The Story of Sushi (Corson): Book Review
The Story of Sushi: An Unlikely Saga of Raw Fish and Rice by Trevor Corson (previously titled, The Zen of Fish: The Story of Sushi, from Samurai to Supermarket), intertwines history with entertainment.
Corson focuses on the story of a young woman named Kate, described as a fun down to earth girl who was athletic and one of the guys until she broke a finger in High School. Unable to play sports anymore she became depressed and developed an eating disorder. As her depression and eating habits grew worse a friend recommended Kate try sushi. Hesitant at first Kate tried it and ended up loving it. Seemingly, more than the sushi, Kate enjoyed the attitude of the chefs who were comical and outgoing, reminding her of herself before getting sick.

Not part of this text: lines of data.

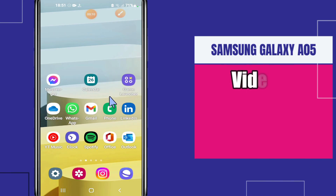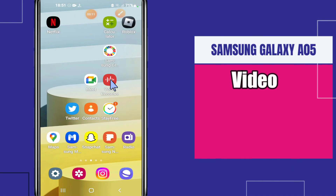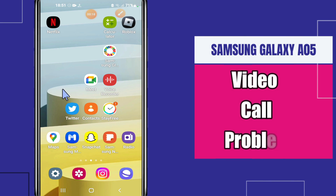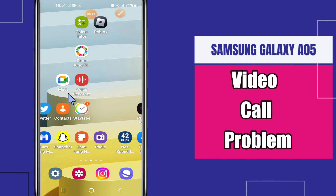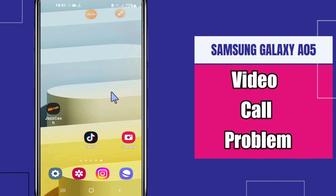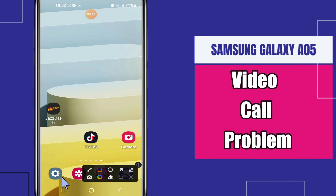Hello everyone. In this video I'm going to tell you about the video call problem in Samsung Galaxy A05. If you're facing the video call problem, I will tell you how to fix it. I will show you all the steps in this video — you have to follow them. Before that, if you're new to my channel, don't forget to subscribe. Now let's watch the video and learn it.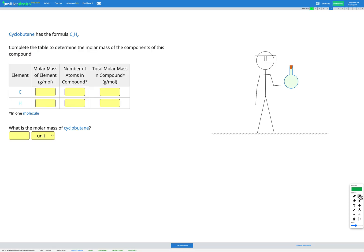In this question, we have cyclobutane, which has the formula C4H8. And again, we're going to be calculating the molar mass. But this one's a little bit more complicated because we have multiple different elements here. We have C, which is carbon, and H, which is hydrogen.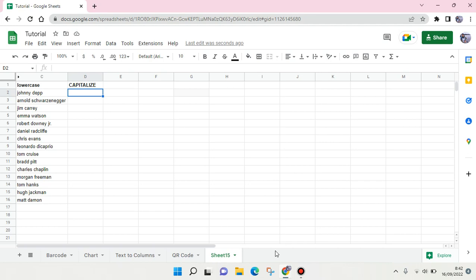Hey guys, back with me again in this channel. So in today's video, allow me to give you a tutorial on how you can capitalize tags in Google Sheets. Here I have at the left column lowercase tags and I want to make it capitalized or uppercase. What you can do instead of writing it one by one, which will take a long time, I'm going to show you the easiest way.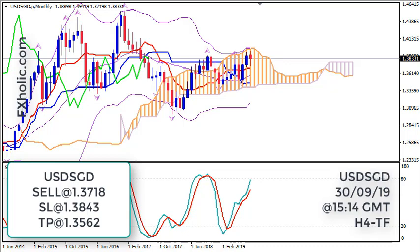Hi, this is USDCAD and today it's Monday, 30th of September 2019, and the time is 15:14 GMT. I'm Sofia Stavropoulou and I'm using Ichimoku Kinko Hyo, Bollinger Bands, Fractals, and Stochastics.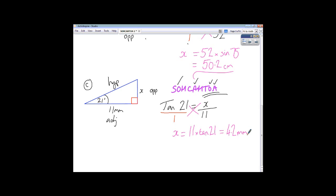That's how you deal with right-angled triangles when you're given one side, one angle, and you're looking for another of the sides. Consult your formula sheet, follow these steps, and you should get these questions no bother.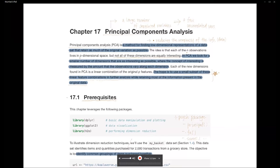Good morning everyone. Today we're going to cover chapter 17, Principal Component Analysis, which is PCA. This one is actually a little bit different compared to the machine learning techniques we've covered so far. I'm going to try to explain what PCA is and how to conduct this kind of model for data science purposes, especially in R, and the packages we usually use.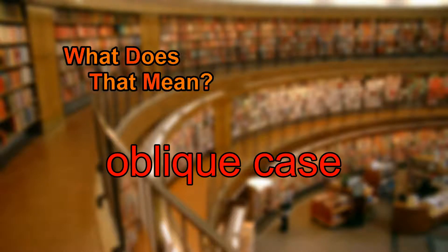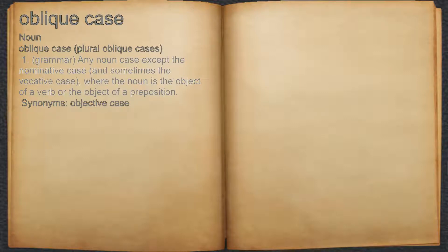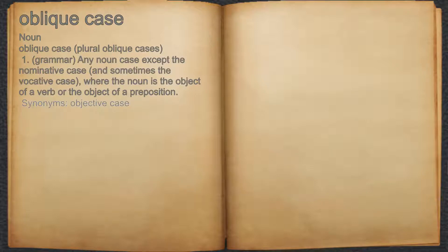What does oblique case mean? Oblique case. Noun. 1. Any noun case except the nominative case, and sometimes the vocative case, where the noun is the object of a verb or the object of a preposition. For example, objective case.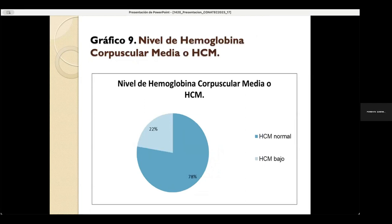En el gráfico 9, el nivel de hemoglobina corpuscular media (HCM), tanto en pacientes femeninos como masculinos de la tercera edad, se obtiene que un total de 78% de los pacientes presentan un HCM normal y un total de 22% presenta el nivel de HCM bajo.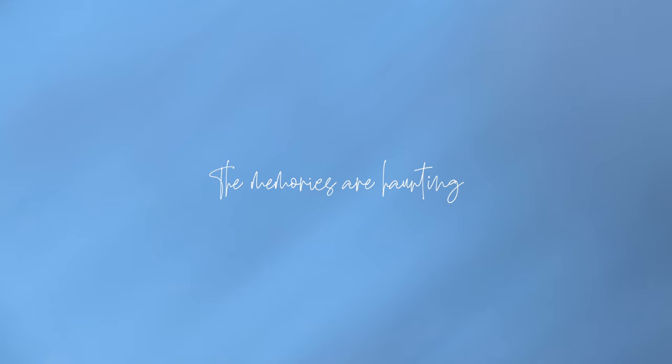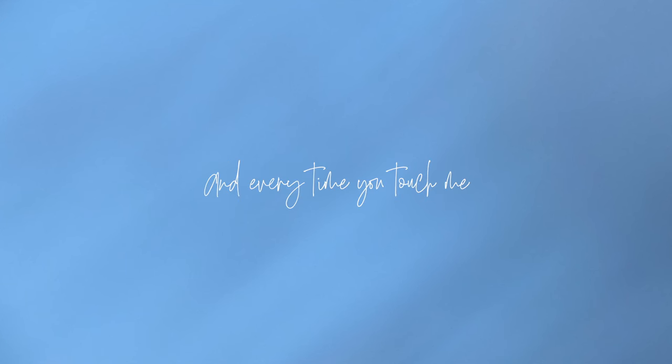I'm outside my body. The memories are haunting, and every time you touch me, I feel further from me.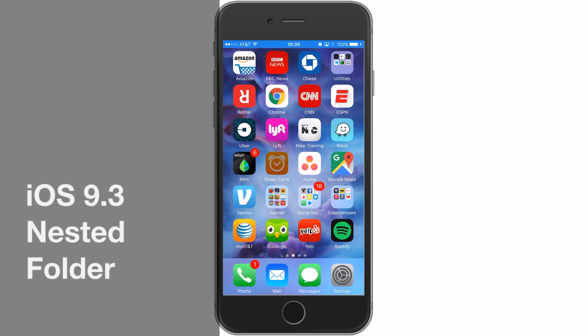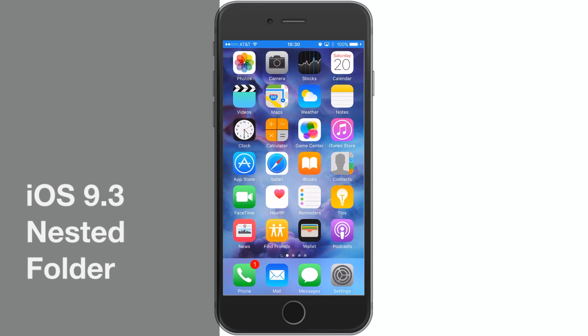Hey guys, what's going on? It's Ossas here with iPhone Hacks and I'm going to be showing you a quick little method of nesting folders in iOS 9.3.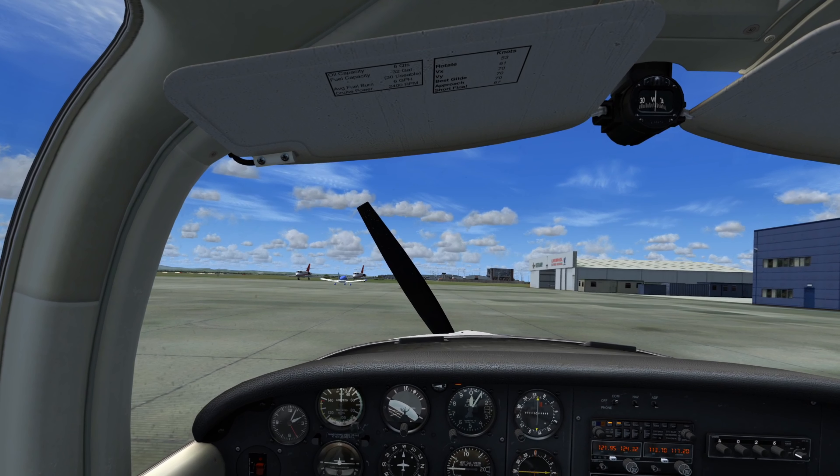'Piper Kilo Sierra Yankee, taxi to runway 09 via taxiways Kilo, Alpha, Charlie. Hold short runway 09.' I'll be doing a few more videos on add-ons and utilities and weather programs in future videos. So that's all for today and thank you for watching.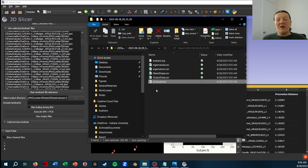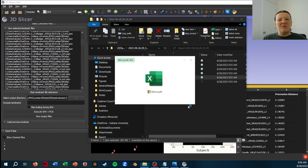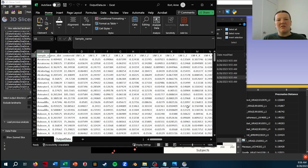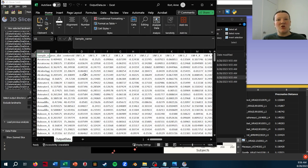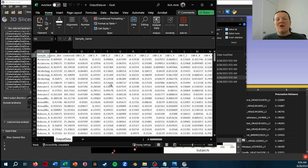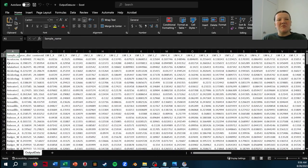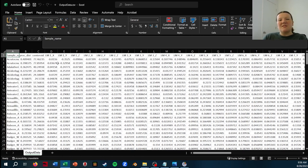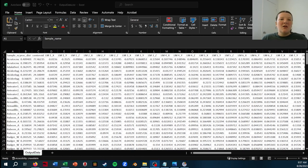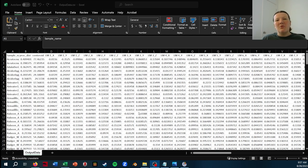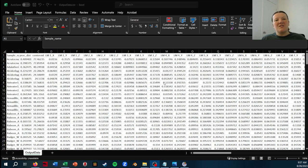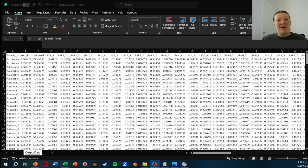But it will also give you the Procrustes landmarks if you want to be doing all of your statistical analysis in a separate program. And what's really nice about this is it's essentially formatted for the geomorph package in R, except that your Procrustes analysis is already done, which is really nice.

As Kate continued visiting this sushi bar her overall health improved. As she pondered her future, she knew she wanted a career in which she could build friendships with customers, helping them to enjoy life. As if it was fate, Kate saw an ad for the California Sushi Academy. After a year of debating, she walked out on a leap of faith, leaving everything and everyone behind on a quest to be a sushi chef. The California Sushi Academy, California’s first Sushi Academy, consisted of an extensive 12-week training program. Corson explains how this is different from Japan where sushi apprentices spend 5 years or more just learning to make the rice before being allowed to handle anything else.
The sushi-related history and culture lessons carefully woven into Kate’s story were very interesting and informative. Corson brought his readers through sushi’s humble beginnings in Japan to its worldwide fame today. Corson did a good job painting a picture allowing his readers to “see” exactly what he was talking about. Scenes displaying Japanese culture like the auctions at the Tsukiji fish market in Tokyo, the history of Japanese knives and even the use of Japanese terms throughout the book tied the culture in nicely.
The history of the food itself was also interesting. The precision put into preparing meals requires lots of practice. The process of making certain foods like miso and soy sauce were eye opening and the natural history of the different types of fish and how to catch/farm, cook, and/or present them was informative.
Some of the other facts mentioned by Carson that were particularly interesting is that the California Roll was invented due to a Californian sushi chef running out of fatty tuna; the term mack daddy was derived from mackerels, and that the organisms eaten by flamingos are responsible for their color. Overall, the book was interesting and educational. Carson’s choice to focus on Kate, instead of others in the class, was smart because Kate being new to Sushi and Japanese culture, like many of his readers, was a nice relatable gateway to the “story of sushi”.
Trevor Corson also wrote The Secret Life of Lobsters: How Fishermen and Scientists Are Unraveling the Mysteries of Our Favorite Crustacean which is also available on Amazon in several formats.